While building out your rabbitry enclosure/shed/barn, be sure to give some thought to physical security: surveillance cameras, motion lights, locks, etc. At least one breeder on this list has found it necessary to put locks on individual rabbits' cages for their security.
Although I acquired my one and only rabbit through a shelter, I learned fairly soon into the process that he had been the herd sire/buck for a back-yard (literally) meat operation within city limits (not legal) *and* that the rabbits were in full sun without shade or water on a 108-degree F (approx. 42 deg C) June day. The Animal Control and City Shelter personnel didn't have the resources to cope with 48 or so rabbits (by my count, this could have been 1 buck, 4 to 6 does, and several litters of kits/grow-outs, so a fairly small operation), so they called in the local chapter of the House Rabbit Society. Much was made of this incident--major media exposure on both TV and newspaper, probably Internet as well (although most of the Internet coverage had been archived by the time I came on the scene three months later)--and then there was another large acquisition of 52 rabbits about a week or two ago in the San Francisco Bay Area, when someone sold out of rabbits completely and a Rescuer *sigh* bought them.

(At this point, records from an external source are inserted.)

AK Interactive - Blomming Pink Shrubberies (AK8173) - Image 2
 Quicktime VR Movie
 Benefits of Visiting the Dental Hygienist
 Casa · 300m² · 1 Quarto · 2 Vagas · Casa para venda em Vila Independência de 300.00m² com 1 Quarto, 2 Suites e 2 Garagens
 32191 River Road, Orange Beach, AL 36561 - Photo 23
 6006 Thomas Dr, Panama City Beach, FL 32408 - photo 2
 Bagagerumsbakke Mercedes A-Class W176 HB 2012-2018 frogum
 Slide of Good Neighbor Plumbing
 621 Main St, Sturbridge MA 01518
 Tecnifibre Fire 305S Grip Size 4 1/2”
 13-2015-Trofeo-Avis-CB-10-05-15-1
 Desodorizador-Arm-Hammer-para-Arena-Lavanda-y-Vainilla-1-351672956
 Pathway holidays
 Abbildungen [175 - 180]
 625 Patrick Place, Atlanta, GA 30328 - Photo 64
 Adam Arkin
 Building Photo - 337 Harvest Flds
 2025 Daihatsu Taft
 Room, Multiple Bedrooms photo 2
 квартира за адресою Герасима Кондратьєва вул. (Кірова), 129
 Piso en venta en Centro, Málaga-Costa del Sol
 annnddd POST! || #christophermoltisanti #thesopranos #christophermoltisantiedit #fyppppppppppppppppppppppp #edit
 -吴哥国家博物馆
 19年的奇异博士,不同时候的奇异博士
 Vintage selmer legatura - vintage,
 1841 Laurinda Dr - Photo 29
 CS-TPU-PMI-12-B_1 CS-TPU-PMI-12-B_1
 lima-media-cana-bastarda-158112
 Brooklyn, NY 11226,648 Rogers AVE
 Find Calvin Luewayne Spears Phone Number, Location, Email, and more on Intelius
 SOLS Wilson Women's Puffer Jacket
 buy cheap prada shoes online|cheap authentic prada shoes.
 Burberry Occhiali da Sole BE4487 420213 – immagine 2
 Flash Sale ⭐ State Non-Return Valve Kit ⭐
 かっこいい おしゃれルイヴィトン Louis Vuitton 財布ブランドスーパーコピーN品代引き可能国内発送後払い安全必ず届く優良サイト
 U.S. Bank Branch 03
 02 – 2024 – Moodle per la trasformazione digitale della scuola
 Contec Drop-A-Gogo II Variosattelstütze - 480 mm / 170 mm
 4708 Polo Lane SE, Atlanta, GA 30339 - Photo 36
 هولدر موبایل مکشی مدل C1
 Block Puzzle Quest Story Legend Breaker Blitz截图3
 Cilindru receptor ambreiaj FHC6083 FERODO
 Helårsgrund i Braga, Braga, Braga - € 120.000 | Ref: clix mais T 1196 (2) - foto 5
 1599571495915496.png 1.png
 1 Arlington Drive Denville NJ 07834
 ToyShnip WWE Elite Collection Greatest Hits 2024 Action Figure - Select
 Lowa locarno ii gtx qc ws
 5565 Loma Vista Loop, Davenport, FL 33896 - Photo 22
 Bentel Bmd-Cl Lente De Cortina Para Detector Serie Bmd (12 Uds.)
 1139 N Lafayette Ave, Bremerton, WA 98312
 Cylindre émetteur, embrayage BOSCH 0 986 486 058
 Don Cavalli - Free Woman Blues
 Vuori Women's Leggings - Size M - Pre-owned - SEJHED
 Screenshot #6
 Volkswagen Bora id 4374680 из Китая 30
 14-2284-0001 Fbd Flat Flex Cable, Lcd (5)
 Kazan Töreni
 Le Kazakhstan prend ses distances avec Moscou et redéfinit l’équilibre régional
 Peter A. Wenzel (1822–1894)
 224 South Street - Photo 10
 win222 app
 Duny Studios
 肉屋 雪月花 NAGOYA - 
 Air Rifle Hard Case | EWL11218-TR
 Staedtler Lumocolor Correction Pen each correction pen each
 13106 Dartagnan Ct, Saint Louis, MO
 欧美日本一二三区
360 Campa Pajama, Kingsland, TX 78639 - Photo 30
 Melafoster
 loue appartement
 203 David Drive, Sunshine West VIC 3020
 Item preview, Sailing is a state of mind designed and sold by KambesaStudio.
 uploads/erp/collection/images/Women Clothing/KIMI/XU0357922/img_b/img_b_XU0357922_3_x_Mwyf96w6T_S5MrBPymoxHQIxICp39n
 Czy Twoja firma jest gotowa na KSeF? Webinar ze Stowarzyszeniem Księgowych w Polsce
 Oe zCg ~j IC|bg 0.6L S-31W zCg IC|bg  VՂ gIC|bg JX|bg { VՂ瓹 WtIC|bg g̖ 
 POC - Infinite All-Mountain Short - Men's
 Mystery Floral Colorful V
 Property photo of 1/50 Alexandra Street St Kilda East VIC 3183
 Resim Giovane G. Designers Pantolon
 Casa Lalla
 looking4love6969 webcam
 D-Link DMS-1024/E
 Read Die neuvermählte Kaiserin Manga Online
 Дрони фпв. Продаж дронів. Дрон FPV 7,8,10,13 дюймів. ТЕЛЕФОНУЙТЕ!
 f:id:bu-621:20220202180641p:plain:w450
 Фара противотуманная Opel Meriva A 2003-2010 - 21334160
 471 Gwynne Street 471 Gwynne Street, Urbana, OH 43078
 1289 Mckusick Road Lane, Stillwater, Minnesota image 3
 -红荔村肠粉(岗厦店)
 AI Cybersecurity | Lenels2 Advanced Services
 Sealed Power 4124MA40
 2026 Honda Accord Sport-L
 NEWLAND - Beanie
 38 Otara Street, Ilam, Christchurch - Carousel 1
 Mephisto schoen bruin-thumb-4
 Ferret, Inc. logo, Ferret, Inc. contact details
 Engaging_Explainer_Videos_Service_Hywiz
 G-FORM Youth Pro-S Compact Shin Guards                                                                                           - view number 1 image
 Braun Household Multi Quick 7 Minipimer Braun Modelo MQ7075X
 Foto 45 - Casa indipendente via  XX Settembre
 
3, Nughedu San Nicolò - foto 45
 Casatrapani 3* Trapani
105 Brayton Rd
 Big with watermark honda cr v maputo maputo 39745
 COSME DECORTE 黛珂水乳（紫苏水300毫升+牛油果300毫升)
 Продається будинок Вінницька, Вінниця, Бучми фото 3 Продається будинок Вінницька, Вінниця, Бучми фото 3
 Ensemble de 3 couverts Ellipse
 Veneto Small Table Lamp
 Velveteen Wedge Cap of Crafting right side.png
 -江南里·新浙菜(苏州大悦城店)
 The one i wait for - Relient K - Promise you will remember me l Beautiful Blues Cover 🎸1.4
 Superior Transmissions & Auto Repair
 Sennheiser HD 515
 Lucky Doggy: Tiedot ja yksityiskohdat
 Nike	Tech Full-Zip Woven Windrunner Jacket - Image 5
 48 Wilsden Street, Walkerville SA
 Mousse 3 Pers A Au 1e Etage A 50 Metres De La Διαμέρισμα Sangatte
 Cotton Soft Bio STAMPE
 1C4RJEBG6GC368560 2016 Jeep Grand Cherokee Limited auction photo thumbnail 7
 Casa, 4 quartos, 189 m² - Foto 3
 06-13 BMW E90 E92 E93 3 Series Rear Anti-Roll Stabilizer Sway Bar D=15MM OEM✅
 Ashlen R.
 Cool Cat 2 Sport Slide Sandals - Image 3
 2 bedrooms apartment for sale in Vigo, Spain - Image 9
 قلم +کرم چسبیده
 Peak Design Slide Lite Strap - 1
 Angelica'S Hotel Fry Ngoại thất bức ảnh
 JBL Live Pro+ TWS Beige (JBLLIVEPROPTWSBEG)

When it looked (last July) as though I might be able to adopt a rescued Angora from the local HRS, I went to visit the "Angora" rabbit and was force-fed their "How to Live with a House Rabbit" DVD. They shoved it into the player not 2 feet from the ex-pen where I was sitting with the (definitely NOT Angora) rabbit. Among other points, the DVD showed ONE rabbit running through a large living room without let or hindrance while a standard heterosexual couple with one child watched adoringly. Although there was a white (!) carpet and light-colored furniture in the DVD, there were no bunny berries.... The voice-over kept talking about how the rabbit (in the singular) needed 3 to 4 hours of free time to run in the house or supervised in a yard/pen outdoors every day and that it needed to have certain kinds of housing, certain sizes of housing, preferably a room where it could have a calm atmosphere... The DVD said everything
but "each rabbit needs its own bedroom." I found it pretty yucky, personally: housing costs in the Bay Area are terrible; there was a
story in today's paper (both print and online) about how the average rent is now $2,000+/month for an apartment. People are bunk-bedding their kids, jamming their offices into their kitchens and living rooms, and sleeping in I don't know what-all just to keep a roof over their heads.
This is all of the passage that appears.